Researchers constantly voice their concerns on the growing risks of AI despite many people not bothering to listen. In an open letter, researchers urged “all AI labs to immediately pause for at least 6 months the training of AI systems more powerful than GPT-4.”
I’ve thought about these issues for a while now, but ever since the release of ChatGPT last November, many of my fears have become a reality.
Deep learning models should not be open to the public until governments establish laws for AI that prevent an arms race in industries, stop bad actors from causing harm and require researchers to have a complete understanding and version of their models before they are released.
Why we’re at the start of an arms race (and should stop it)
With no comprehensive laws set for the standards of AI, competitive industries are beginning an arms race motivated by greed at the expense of society’s long-term well-being.
The race to create the best language model has already begun with the disintegration of transparency in the recent case of GPT-4 (a generative pre-trained AI model). OpenAI, the creator of ChatGPT and GPT-4, announced its latest model on March 14 with a “research paper” that offered no information on the data used to train the system, its energy costs or the hardware and methods used to create it.
Instead, they cited the “competitive landscape” and “safety implications of large-scale models like GPT-4” as excuses for intransparency. Essentially, this is their way of saying “we spent a lot of time on this and we’re not letting anyone else get their hands on it so they can steal our top position.”

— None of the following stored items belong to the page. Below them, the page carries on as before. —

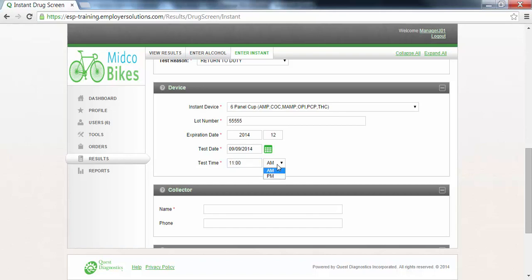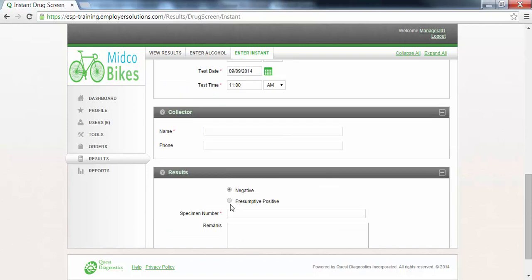The collector section is where you will enter the name and phone number of the person who performed the instant test. The name field is required as indicated by the red asterisk. In this example we will enter Susan Jones.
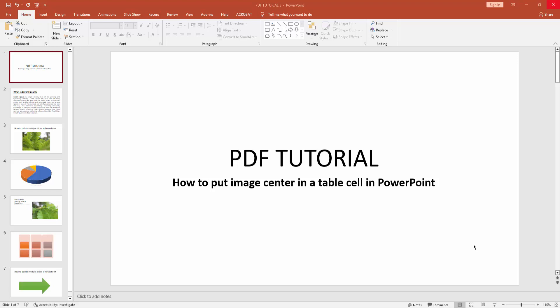Hello everyone, welcome back to my another video. In this video I am going to show you how to put an image centered in a table cell in Microsoft PowerPoint. Without further ado, let's get started.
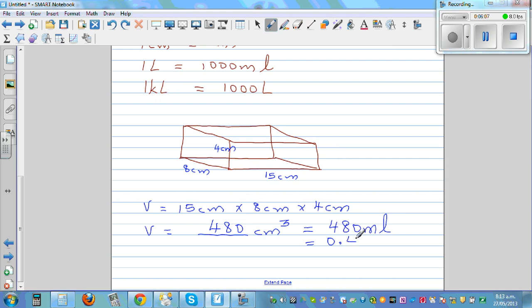So dividing by 1000, we get 0.48 liters. So 480 centimeter cube, 480 milliliters, and 0.48 liters all mean the same thing.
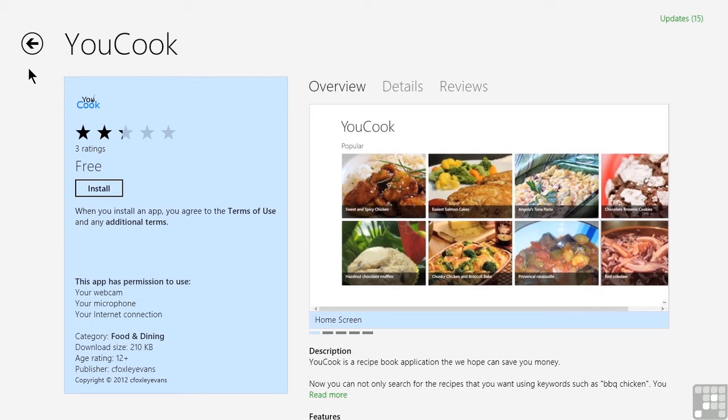To purchase an app, even if it's free, we need to be in the app's listing page. We have found an app that we like, and it's currently displayed on the screen.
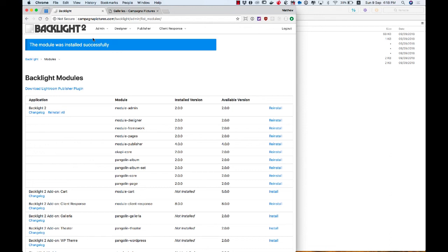So that's it. Backlight 2 is installed, and I am ready to get to work providing content, uploading images, and customizing the look and feel of my website. And as you can see, it was really easy to get to this point. So thank you very much for watching, and I hope you enjoy using Backlight 2. Have a nice day.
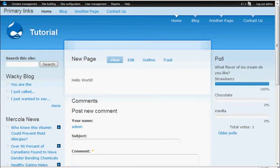Hi, this is Steve from WeaverMultimedia.com. I've got another Drupal beginning tutorial.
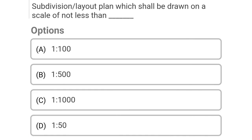So next question: subdivision layout plan shall be drawn on a scale of not less than Option A: 1 is to 100, Option B: 1 is to 500, Option C: 1 is to 1000, Option D: 1 is to 50. So the correct answer is Option B, 1 is to 500.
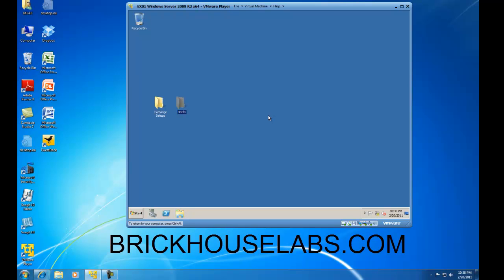This concludes my video on how to prepare your 2008 R2 server for Exchange 2010. This is BrickHouseLabs.com and thank you very much for watching.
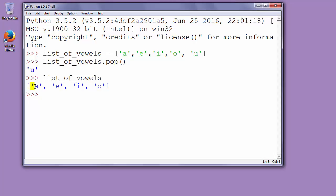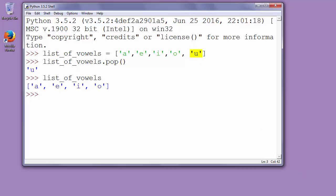In that list now we don't have last object U. So function pop without arguments in parentheses removes last object in list. That's all for this video.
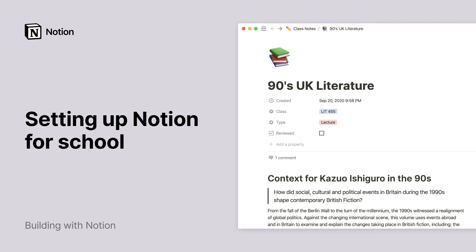Going back to school is always challenging. Now, there are more options for parents, teachers, and students than ever before around distance learning, homeschool, and more. Regardless, Notion can be a helpful tool for all of these folks to organize schoolwork and power up learning.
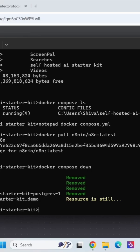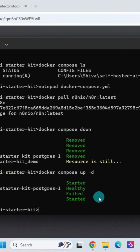Now we will build and start new containers which includes the latest n8n image. Type in docker space compose space up space dash d and hit enter. Here we can see it started successfully.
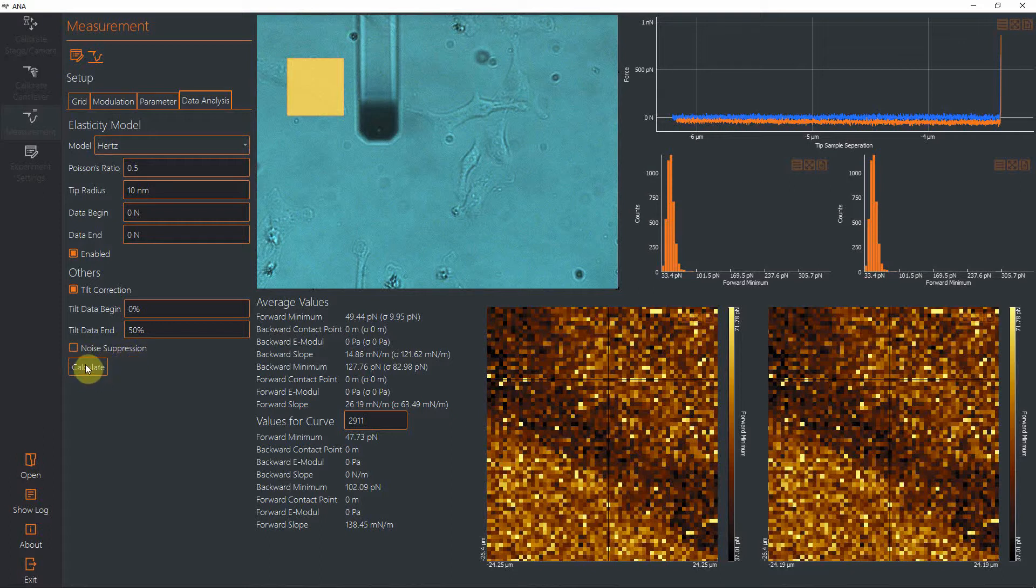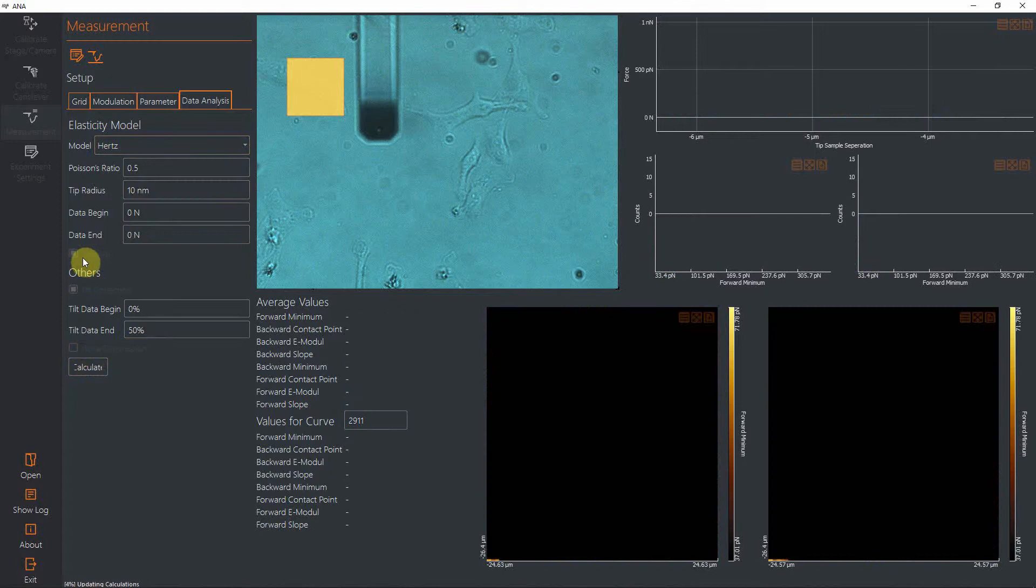If you press 'calculate now' to enable the modulus calculation, you will see down here the progress of the calculation.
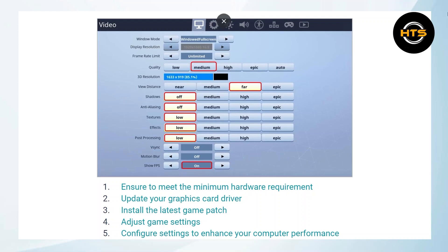Visit the website of your graphics card manufacturer, like Nvidia or AMD, and download the latest drivers for your specific graphics card model. Installing updated drivers can improve performance and fix compatibility issues with Fortnite.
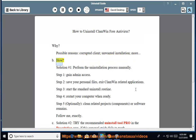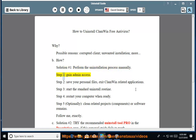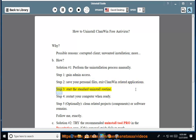How? Solution number 1: Perform the uninstallation process manually. Step 1: Gain Admin Access. Step 2: Save Your Personal Files. Exit ClamWin related applications. Step 3: Start the Standard Uninstall Routine. Step 4: Restart Your Computer When Ready.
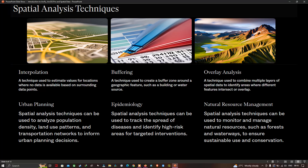In urban planning, spatial analysis techniques can be used to analyze population density, land use patterns, and transportation networks to inform planning decisions. In epidemiology, spatial analysis can be used to track the spread of diseases and identify high-risk areas for targeted interventions. In natural resource management, spatial analysis can be used to monitor and manage resources such as forests and waterways to ensure sustainable use and conservation.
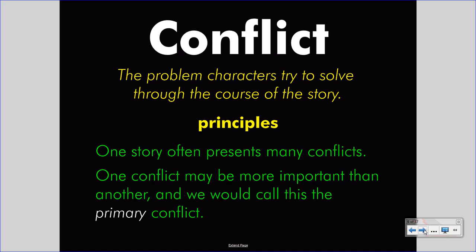One conflict may be more important than another, and we would call this the primary conflict, as opposed to the secondary. If you decide to write a piece about a conflict in a story, you may choose to write about the primary conflict, or you may write a more complex piece talking about how several conflicts exist but one is more important, making it the primary conflict. Conflicts exist in diversity in stories — try to find more than one.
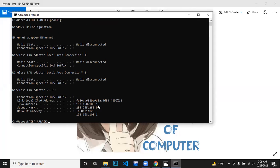This is your IP address. When sharing or sending something to someone, you will need your IP address. This information is also available here.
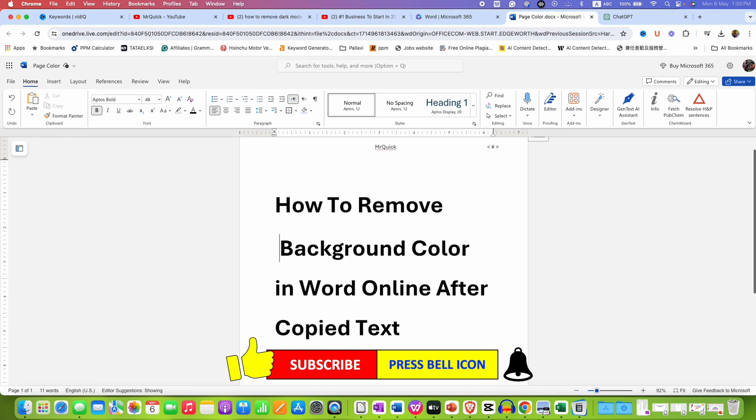So, these are the multiple ways to remove background color in Word Online after you copy-paste the text.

Ironically, OpenAI was created as an open-source, non-profit company (hence the “open”); now, it’s a “closed source, maximum-profit company controlled by Microsoft,” in the words of the company’s co-founder Elon Musk, who left it in 2018 due to conflicts of interest.
The company has effectively set a standard that normalizes the secrecy of technical details for AI, especially Large Language Models (LLMS), to stay on top of an industry replete with competition from other companies such as Google, Apple and Facebook. Several major consequences proceed from this that many are brushing off.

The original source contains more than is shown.